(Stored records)
[Start of Attachment]

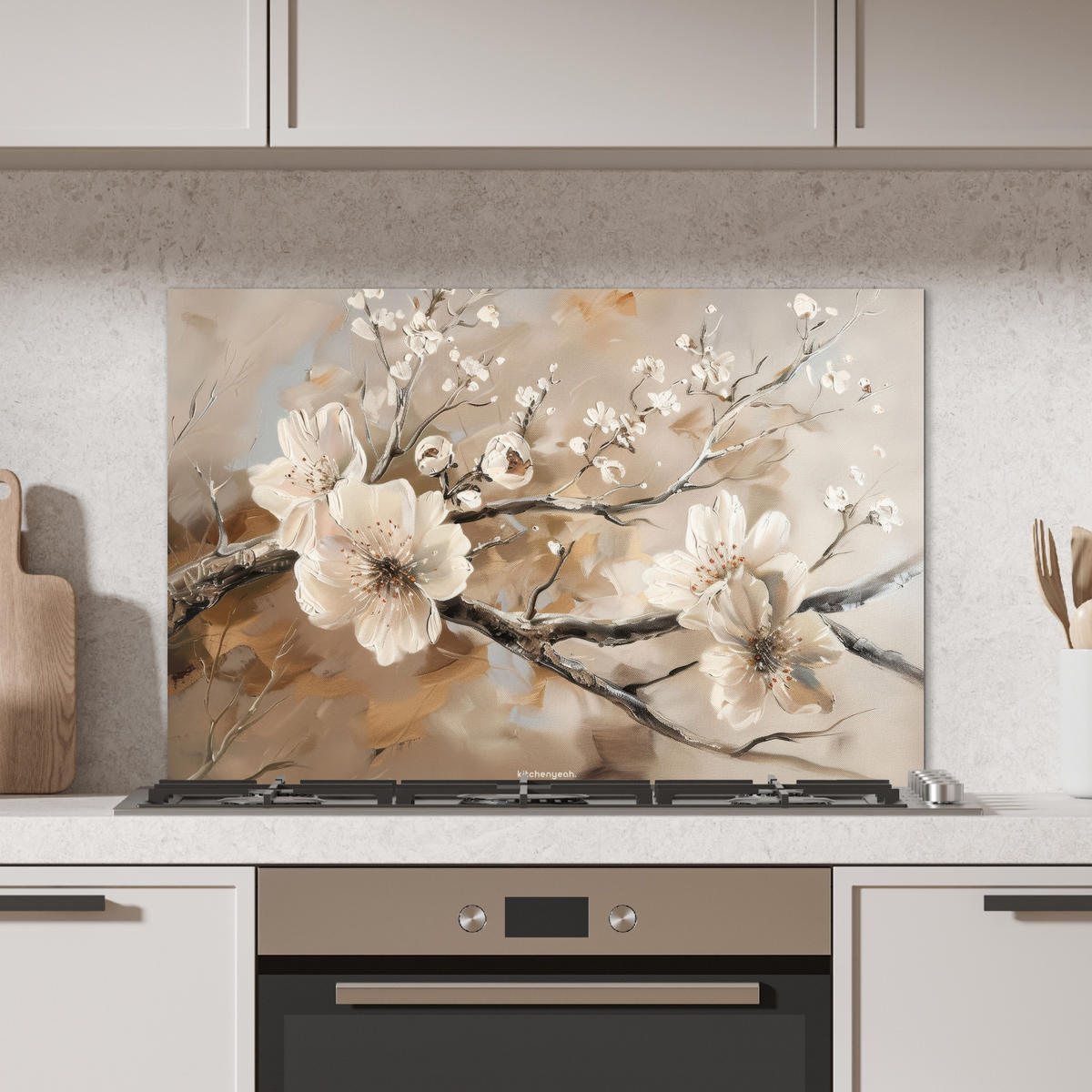 SPRITZSCHUTZ KÜCHE Blumen - Abstrakt - Gemalt - Beige 80x55 cm - Greige, Metall (80/0.3/55cm) - MuchoWow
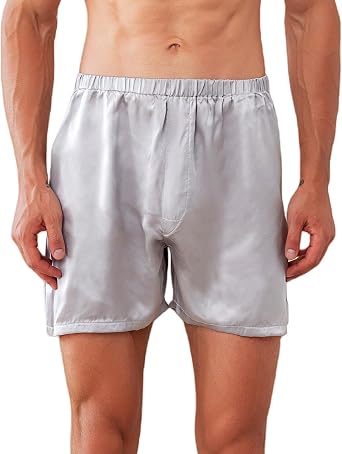 Mens 100% Mulberry Silk Boxer Shorts, for Nightwear, Beach, Travel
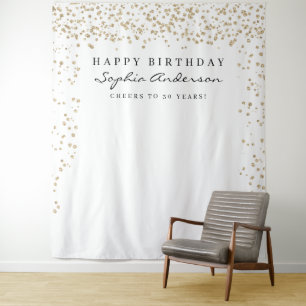 Glam Gold Confetti Geburtstag Hintergrund jedes Al Wandteppich
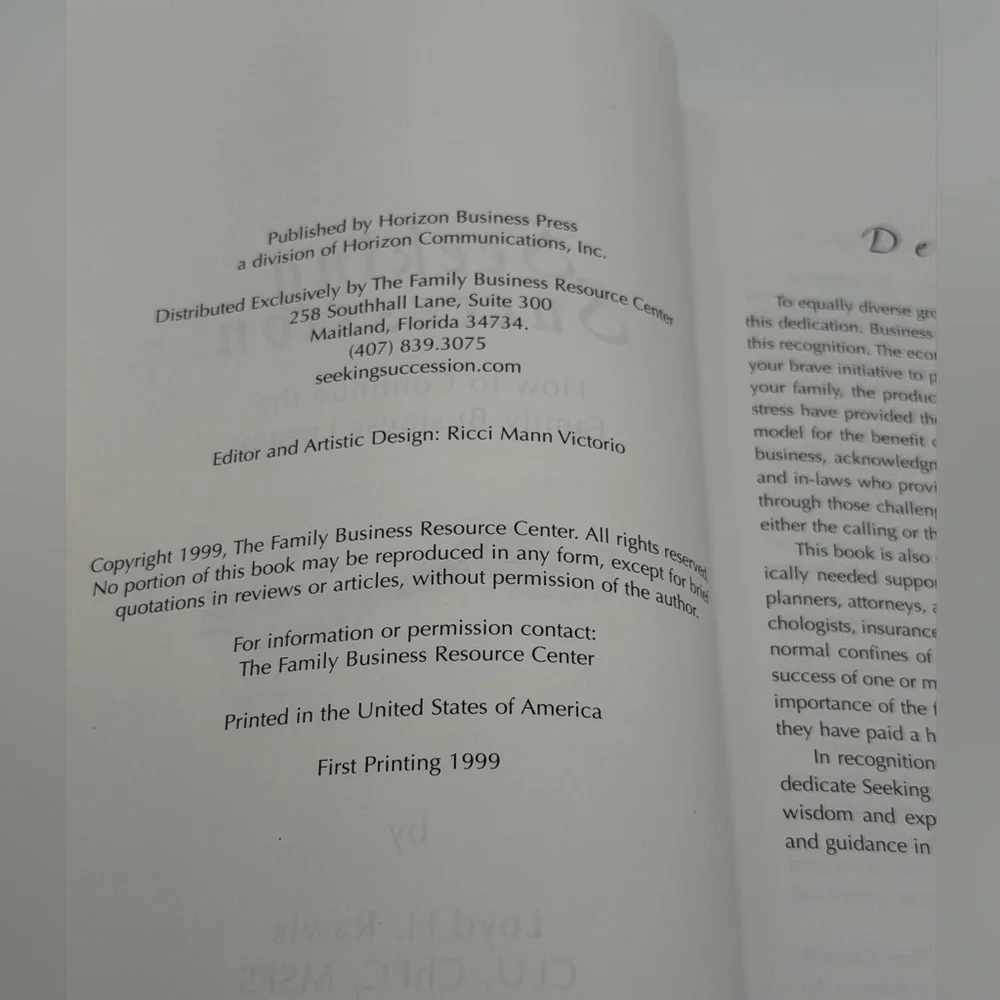 Seeking Succession: How to Continue the Family Business Legacy by Loyd H. Rawls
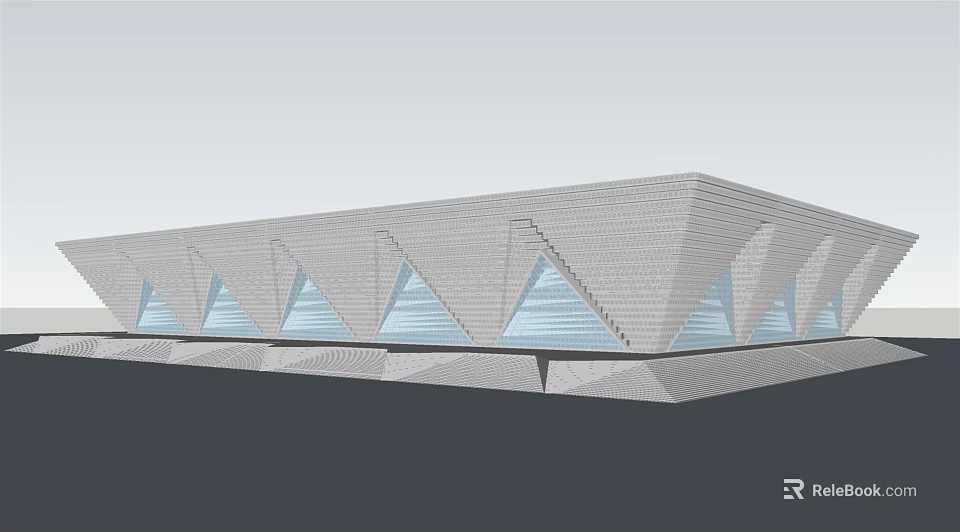 Modern Museum Building With Geometric Facade Triangular Glass Windows And Contemporary Structure 3d model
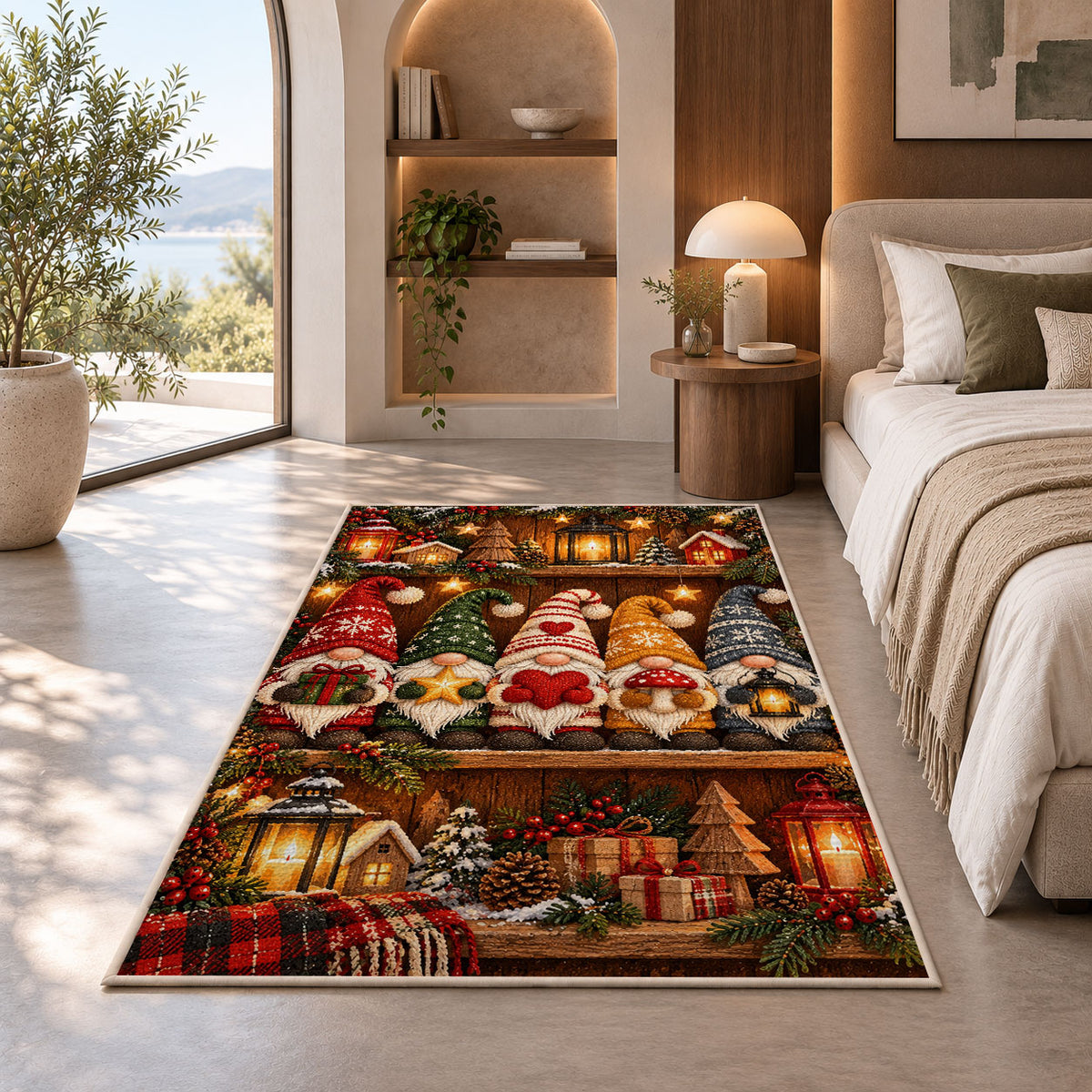 row of gnomes on a shelf rug in a bedroom with an arched window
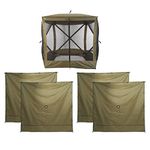 CLAM Quick Set Traveler, 6 x 6 Foot Portable Pop Up Outdoor Camping Gazebo Screen Tent, Canopy Shelter with Carry Bag and Wind Panels (4 Pack), Green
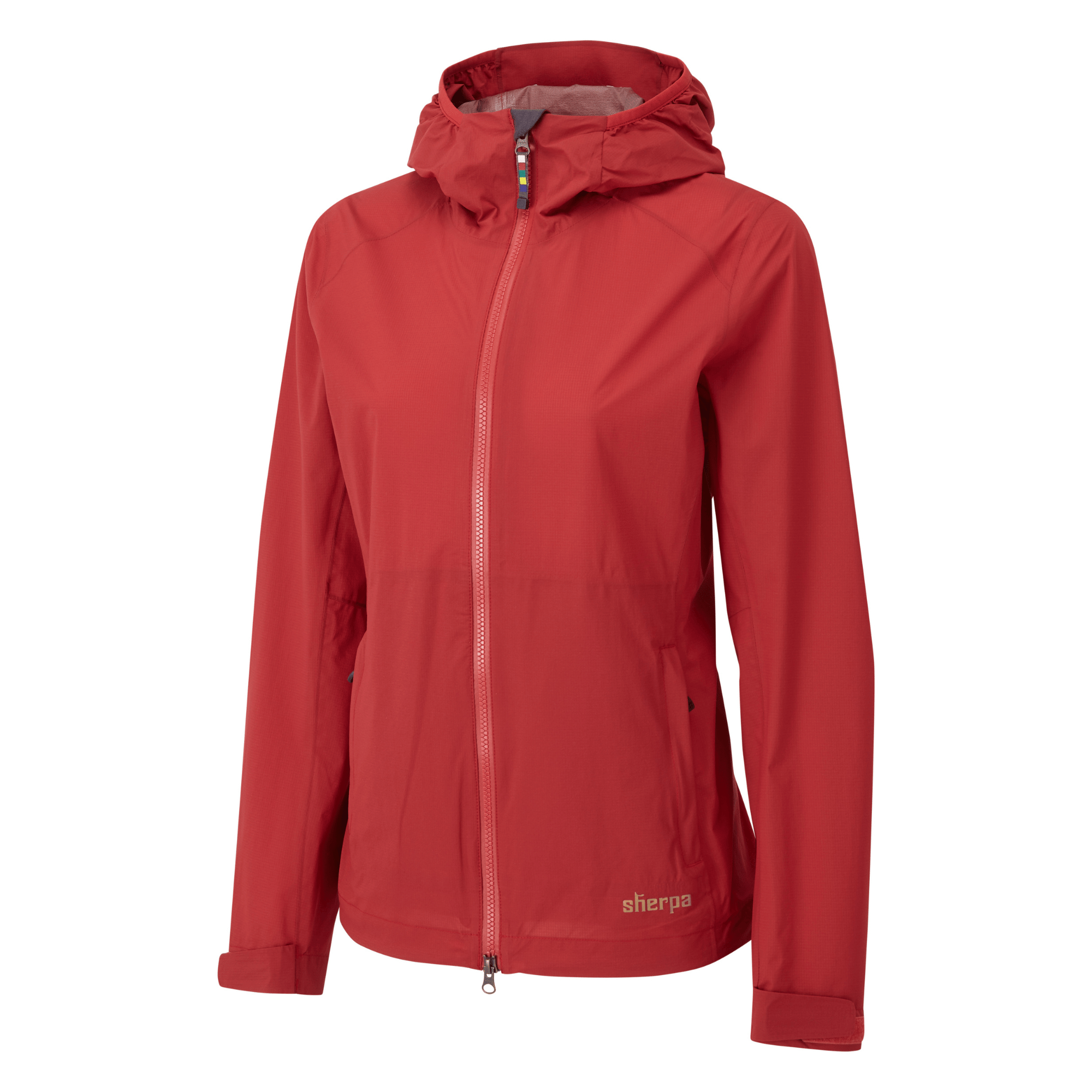 Sherpa Adventure Gear Asaar 2.5-Layer Jacket in Red from the side angle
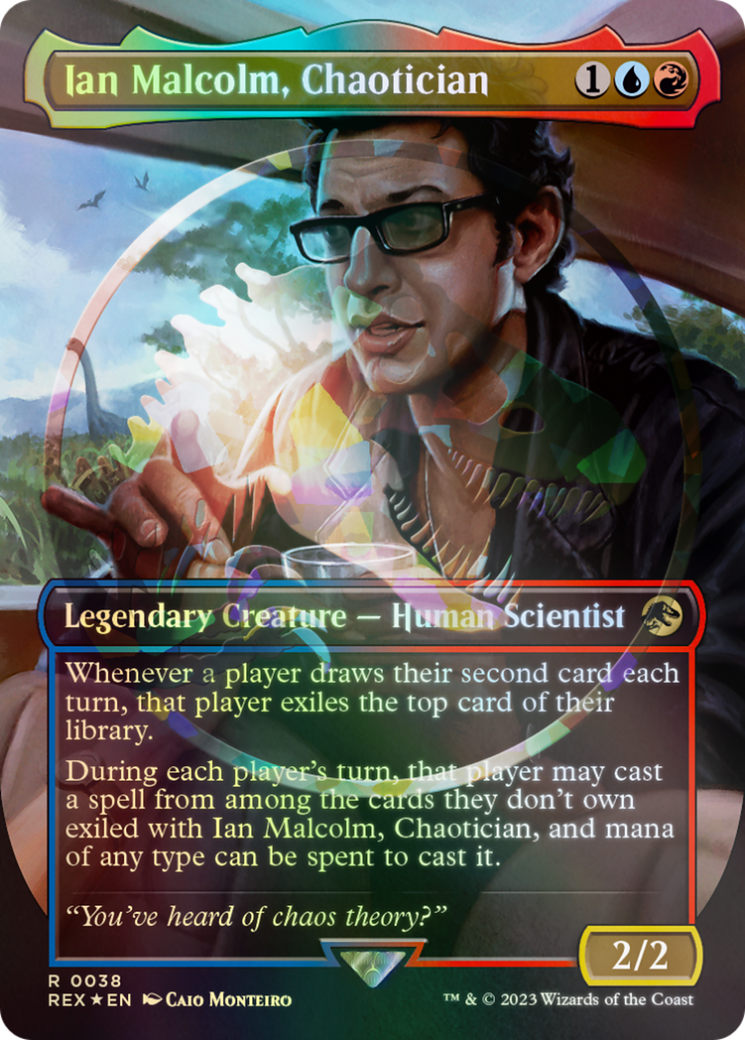 Ian Malcolm, Chaotician Emblem (Borderless) [Jurassic World Collection Tokens] | Tabernacle Games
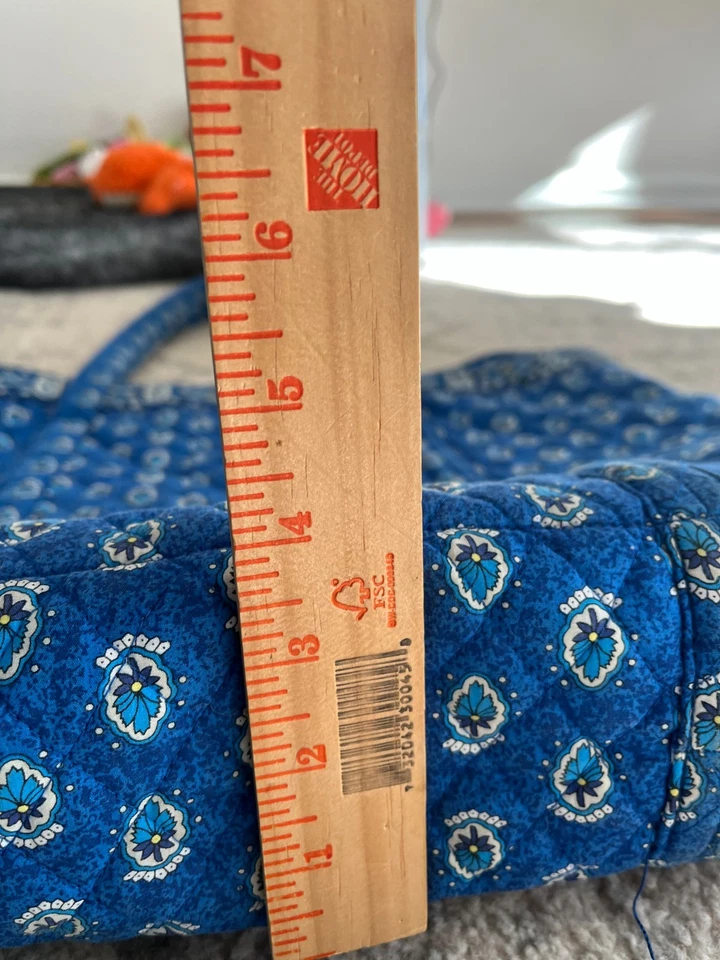 Americana by Sharif 蓝色织物托特包佩斯利花卉绗缝机洗 — 第 3/4 张图片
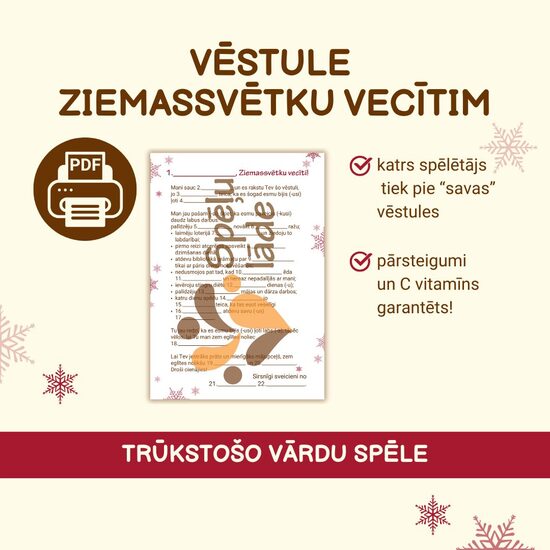 SPĒLE "VĒSTULE ZIEMASSVĒTKU VECĪTIM"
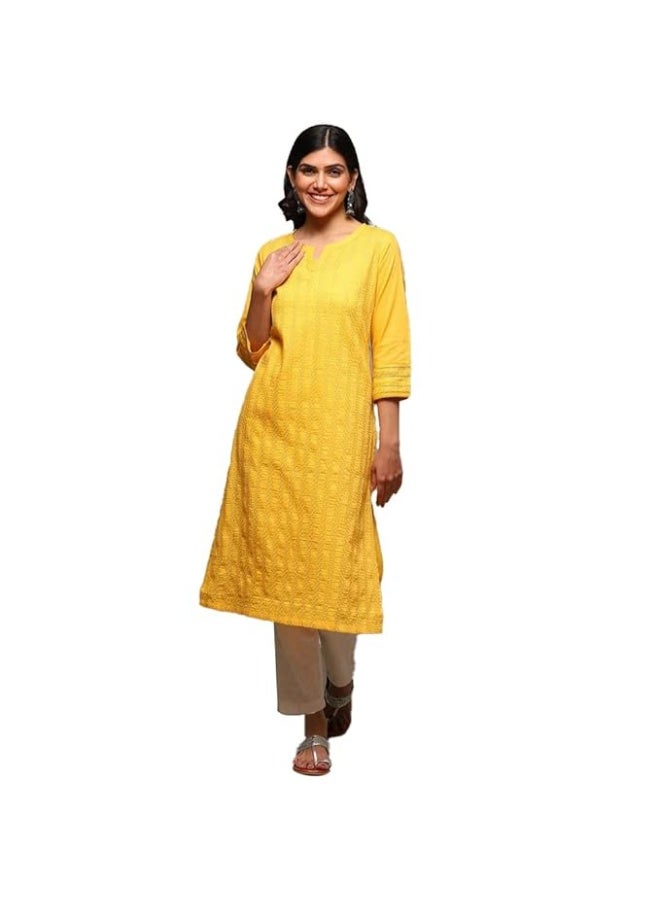 BIBA Women Cotton Regular Fit Straight Kurta 4xl - Image 1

[End of Attachment]

Task statement
An exact copy of all the records, free of pictures, is the expected answer.

Problem solution
 SPRITZSCHUTZ KÜCHE Blumen - Abstrakt - Gemalt - Beige 80x55 cm - Greige, Metall (80/0.3/55cm) - MuchoWow
 Mens 100% Mulberry Silk Boxer Shorts, for Nightwear, Beach, Travel
 Glam Gold Confetti Geburtstag Hintergrund jedes Al Wandteppich
 Seeking Succession: How to Continue the Family Business Legacy by Loyd H. Rawls
 Modern Museum Building With Geometric Facade Triangular Glass Windows And Contemporary Structure 3d model
 row of gnomes on a shelf rug in a bedroom with an arched window
 CLAM Quick Set Traveler, 6 x 6 Foot Portable Pop Up Outdoor Camping Gazebo Screen Tent, Canopy Shelter with Carry Bag and Wind Panels (4 Pack), Green
 Sherpa Adventure Gear Asaar 2.5-Layer Jacket in Red from the side angle
 Ian Malcolm, Chaotician Emblem (Borderless) [Jurassic World Collection Tokens] | Tabernacle Games
 Americana by Sharif 蓝色织物托特包佩斯利花卉绗缝机洗 — 第 3/4 张图片
 SPĒLE "VĒSTULE ZIEMASSVĒTKU VECĪTIM"
 BIBA Women Cotton Regular Fit Straight Kurta 4xl - Image 1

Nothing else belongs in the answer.